## Exercise description
Look below for the line that has "Fototapeta na wymiar plaża w Pescara"; output exactly from it through the line that has "Большой красивый розовый цветок гибискуса", and leave the pictures out.

## Information provided

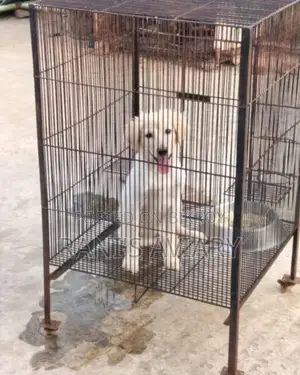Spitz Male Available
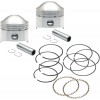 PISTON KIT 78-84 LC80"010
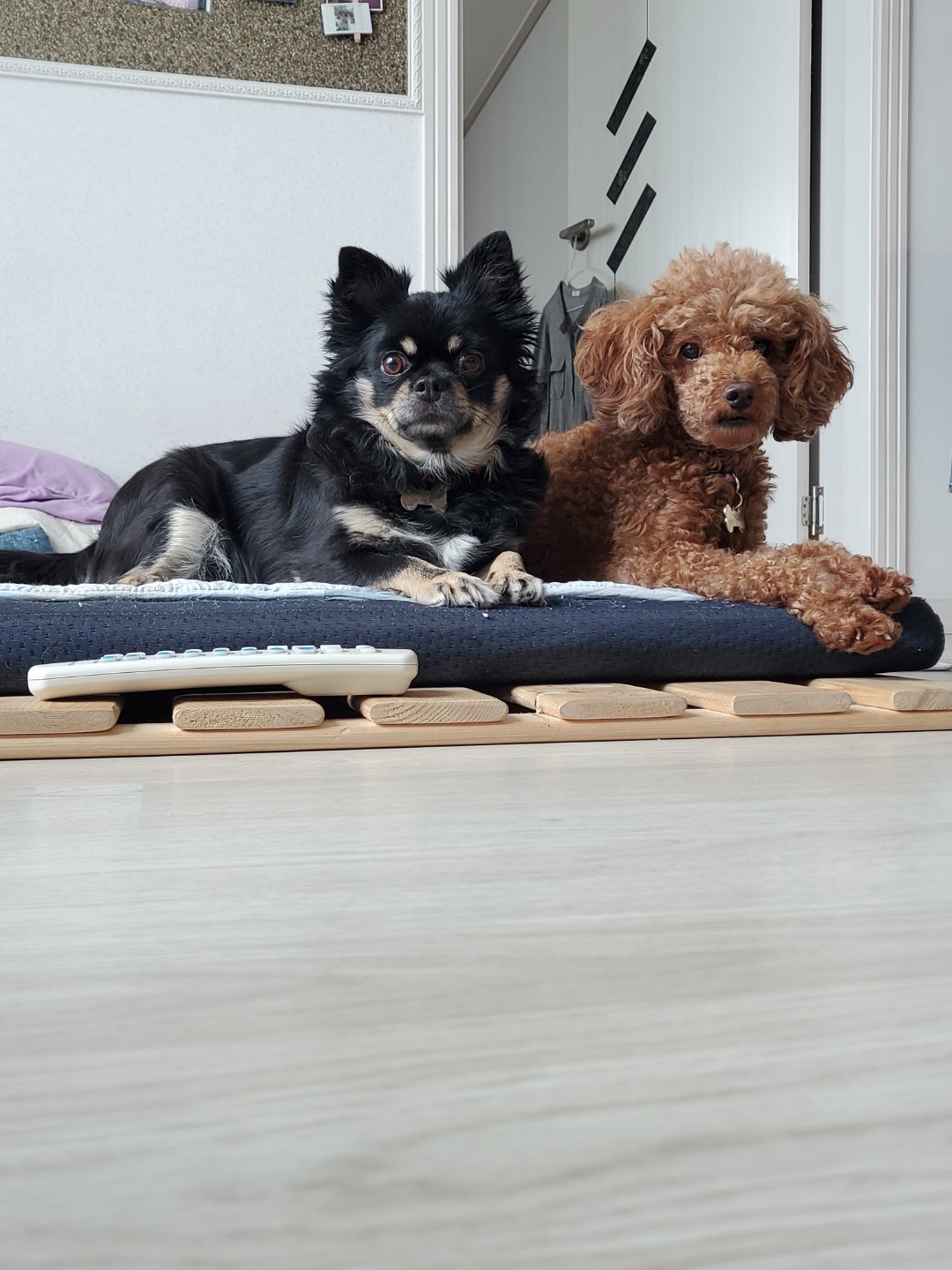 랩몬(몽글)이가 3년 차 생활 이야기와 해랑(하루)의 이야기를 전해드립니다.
--
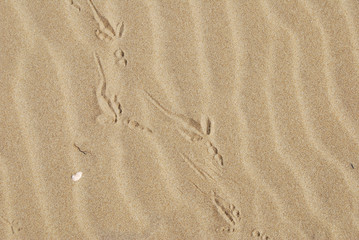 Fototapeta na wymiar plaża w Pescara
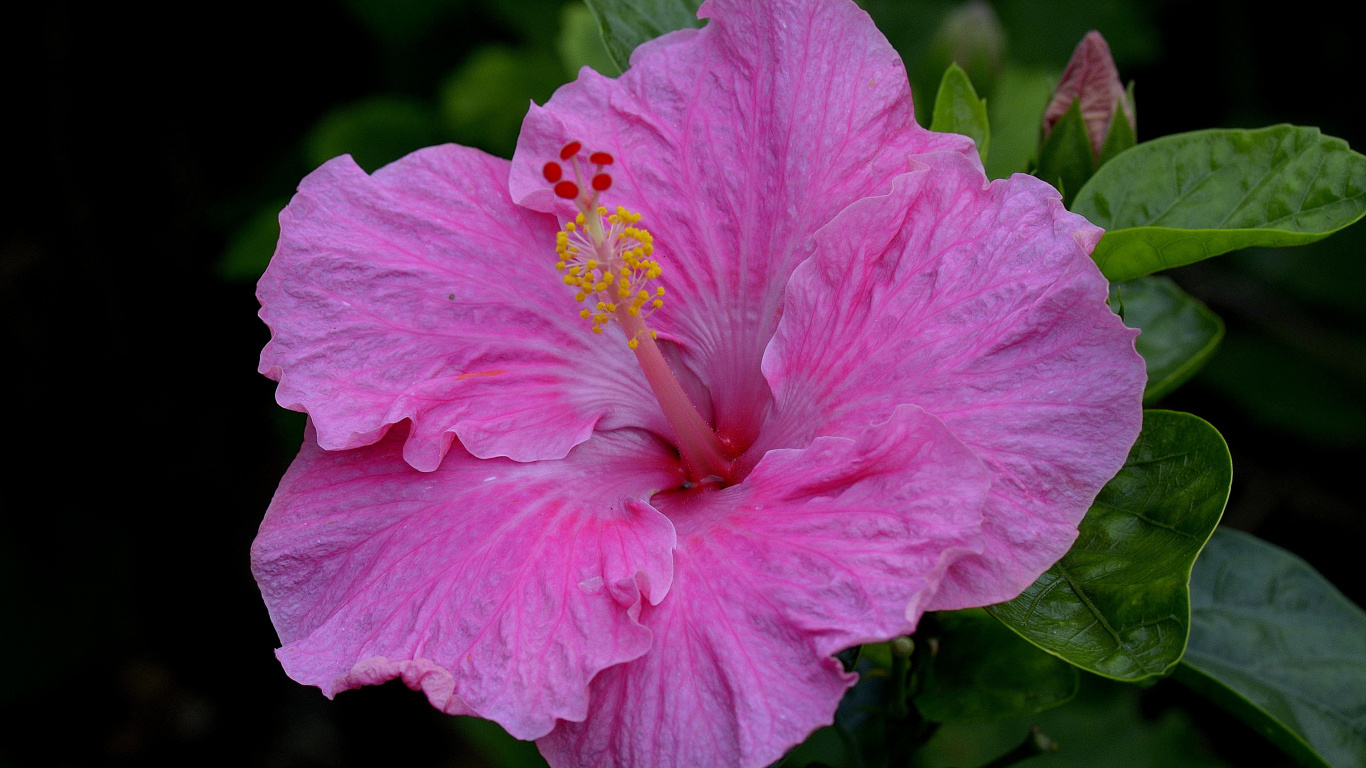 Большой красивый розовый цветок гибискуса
...
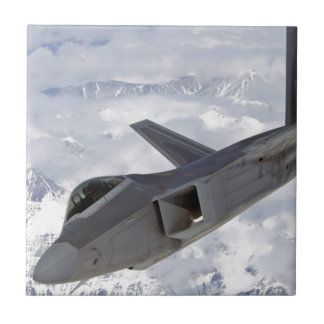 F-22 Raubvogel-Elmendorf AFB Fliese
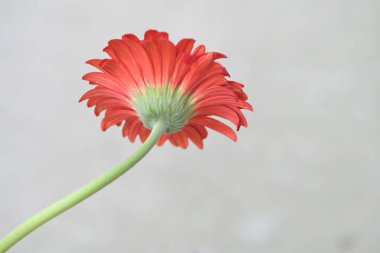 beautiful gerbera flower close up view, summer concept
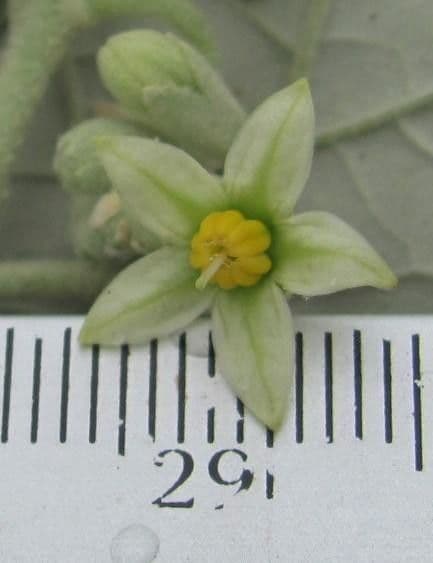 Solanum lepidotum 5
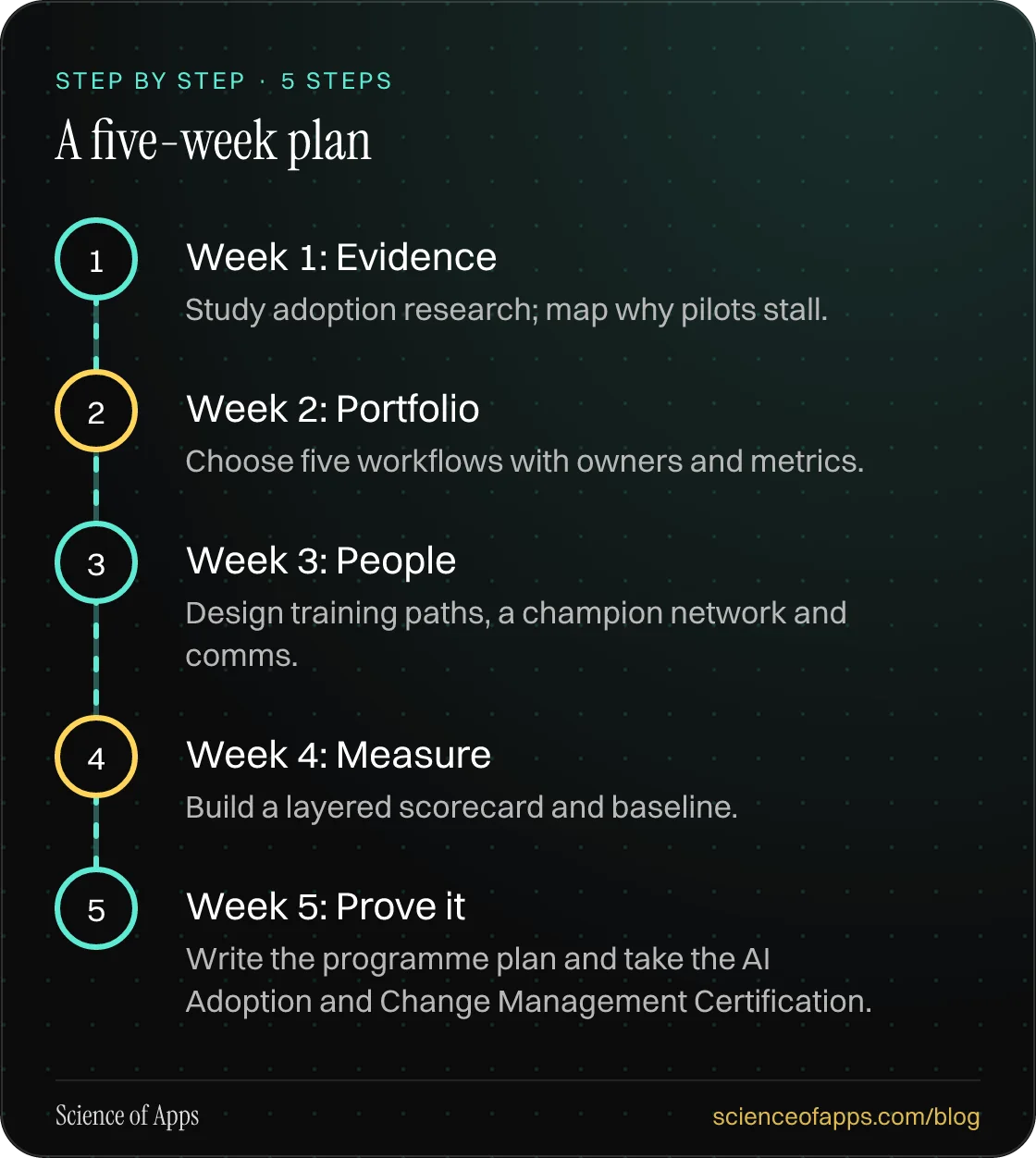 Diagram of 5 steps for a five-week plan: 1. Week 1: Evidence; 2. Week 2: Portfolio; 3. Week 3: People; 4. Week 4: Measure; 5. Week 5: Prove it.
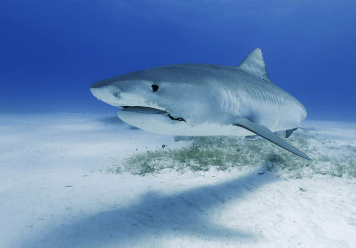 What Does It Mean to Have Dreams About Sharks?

## Response below
 Fototapeta na wymiar plaża w Pescara
 Большой красивый розовый цветок гибискуса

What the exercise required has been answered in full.